After an easy installation of Ansible through the package manager we are left with establishing the ssh-connection between the master and the servers involved in the monitoring setup. An article of the Linux Journal is a great ressource on how to go about this. Basically, the more comfortable you are able to connect to the servers you are dealing with using Ansible, the less secure it will be. In my case I decided for an insecure but comfortable solution for the testing setup on my laptop: a password-less ssl-keypair which allows the holder of the private key to log into the remote server’s root account. While this really screws any security mechanisms that might have been established before, it is probably optimal for playing around and learning Ansible.
ssh-keygen
# repeat the step below for every involved server
ssh-copy-id -i .ssh/id_dsa.pub root@remote.computer.ip
ssh root@remote.computer.ip
After the ssh-setup we need to declare the servers on the Ansible-server. In my setup i declared the exact IPs in /etc/hosts and refered to the declared hostnames in /etc/ansible/hosts. This is due to the fact that my test-environment doesn’t have static IP addresses, and I’d like to change them conveniently all at one place (/etc/hosts) in case the IP addresses happen to change.

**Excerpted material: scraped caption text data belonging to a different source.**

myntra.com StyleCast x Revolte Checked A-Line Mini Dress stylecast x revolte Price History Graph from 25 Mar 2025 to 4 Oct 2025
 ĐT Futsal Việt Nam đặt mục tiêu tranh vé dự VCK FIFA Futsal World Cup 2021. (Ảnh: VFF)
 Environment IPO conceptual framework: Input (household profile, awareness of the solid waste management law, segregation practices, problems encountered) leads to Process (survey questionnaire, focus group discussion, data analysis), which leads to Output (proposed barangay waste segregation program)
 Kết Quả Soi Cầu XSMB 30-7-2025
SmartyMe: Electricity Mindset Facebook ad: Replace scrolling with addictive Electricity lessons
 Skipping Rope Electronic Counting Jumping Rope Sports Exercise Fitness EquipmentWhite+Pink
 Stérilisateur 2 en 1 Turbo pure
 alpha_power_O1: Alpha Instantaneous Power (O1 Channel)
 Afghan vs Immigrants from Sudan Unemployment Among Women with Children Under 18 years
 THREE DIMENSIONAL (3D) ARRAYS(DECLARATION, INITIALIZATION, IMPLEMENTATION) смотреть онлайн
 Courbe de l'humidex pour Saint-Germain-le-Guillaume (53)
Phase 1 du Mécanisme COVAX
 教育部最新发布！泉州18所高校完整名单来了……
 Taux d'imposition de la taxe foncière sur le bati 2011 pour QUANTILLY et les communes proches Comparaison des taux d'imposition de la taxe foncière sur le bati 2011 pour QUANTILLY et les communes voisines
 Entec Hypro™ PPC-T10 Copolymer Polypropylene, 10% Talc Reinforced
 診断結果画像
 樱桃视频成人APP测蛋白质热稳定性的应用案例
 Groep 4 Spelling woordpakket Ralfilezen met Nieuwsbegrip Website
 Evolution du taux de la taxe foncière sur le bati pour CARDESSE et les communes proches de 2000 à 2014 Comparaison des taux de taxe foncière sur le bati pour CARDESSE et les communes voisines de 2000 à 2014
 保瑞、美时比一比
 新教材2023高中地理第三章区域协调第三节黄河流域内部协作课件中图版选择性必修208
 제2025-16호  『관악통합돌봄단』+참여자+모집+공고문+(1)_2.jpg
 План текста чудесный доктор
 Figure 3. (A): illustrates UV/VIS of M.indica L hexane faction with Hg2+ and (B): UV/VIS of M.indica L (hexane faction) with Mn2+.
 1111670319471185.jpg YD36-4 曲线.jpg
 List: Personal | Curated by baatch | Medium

The servers involved in the monitoring-setup will be either monitored-servers or monitoring-servers, so it makes sense to declare these two groups for Ansible in /etc/Ansible/hosts something like this:
[monitored_servers]
server1.laptop
server2.laptop
[monitoring_servers]
icinga2.laptop
The Ansible Playbook
The playbook itself is a .yml file and is easily readable once you get the hang of it. It is helpful to know that in this Ansible file every entry besides “name”, “hosts”, “tasks” and the conditional “when” refers to an Ansible module. This means if you stumble across any section of this .yml file and it is not clear to you how it works, simply search for the name in the Ansible module documentation. To me all the different names where confusing at the start and once I figured this out playbooks became much easier to read.
Things worth pointing out:
- For this task we need a specific monitoring package. This has a different name depending on the platform, which is exactly what we load at the beginning below “Include OS specific variables”. This depends on two short additional files which can be found below this playbook.
- Depending on the OS / monitoring package the check used to test the connectivity in the end also is in a different location. To solve this problem the playbook first searches for the location of the check using find, and pipes the output of that into the final command.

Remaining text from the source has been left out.